▶ _EXERCISE DETAILS_: The lines wanted are those in the data below that include "Bedroom".

Short web captions

== == ==

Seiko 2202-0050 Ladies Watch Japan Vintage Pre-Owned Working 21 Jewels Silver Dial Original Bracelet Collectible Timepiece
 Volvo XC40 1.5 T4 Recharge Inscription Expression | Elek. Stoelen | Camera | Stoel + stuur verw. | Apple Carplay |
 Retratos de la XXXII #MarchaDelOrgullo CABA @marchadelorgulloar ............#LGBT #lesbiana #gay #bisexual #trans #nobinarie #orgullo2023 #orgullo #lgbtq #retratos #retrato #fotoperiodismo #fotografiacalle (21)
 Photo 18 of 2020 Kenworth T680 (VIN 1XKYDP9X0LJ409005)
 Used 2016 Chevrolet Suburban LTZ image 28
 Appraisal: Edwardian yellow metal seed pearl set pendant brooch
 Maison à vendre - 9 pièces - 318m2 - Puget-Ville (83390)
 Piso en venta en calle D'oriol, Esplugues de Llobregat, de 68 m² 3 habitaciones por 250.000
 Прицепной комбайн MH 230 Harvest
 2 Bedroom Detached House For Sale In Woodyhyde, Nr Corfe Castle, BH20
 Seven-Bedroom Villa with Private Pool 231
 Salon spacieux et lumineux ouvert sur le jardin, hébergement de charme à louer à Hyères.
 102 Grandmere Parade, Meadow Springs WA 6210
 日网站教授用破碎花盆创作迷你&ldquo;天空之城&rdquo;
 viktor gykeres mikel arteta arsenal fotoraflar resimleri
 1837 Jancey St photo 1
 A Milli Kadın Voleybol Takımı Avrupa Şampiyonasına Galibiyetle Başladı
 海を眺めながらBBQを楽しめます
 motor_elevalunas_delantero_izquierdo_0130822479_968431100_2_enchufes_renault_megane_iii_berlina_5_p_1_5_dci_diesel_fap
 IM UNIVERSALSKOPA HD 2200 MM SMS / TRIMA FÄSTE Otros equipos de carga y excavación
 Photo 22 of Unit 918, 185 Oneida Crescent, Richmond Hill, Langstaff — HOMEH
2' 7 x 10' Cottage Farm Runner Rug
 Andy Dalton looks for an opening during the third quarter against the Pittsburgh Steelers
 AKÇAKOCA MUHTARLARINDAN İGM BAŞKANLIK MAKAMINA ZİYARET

== == ==

▶ _OUTPUT FOR THIS EXERCISE_:
 2 Bedroom Detached House For Sale In Woodyhyde, Nr Corfe Castle, BH20
 Seven-Bedroom Villa with Private Pool 231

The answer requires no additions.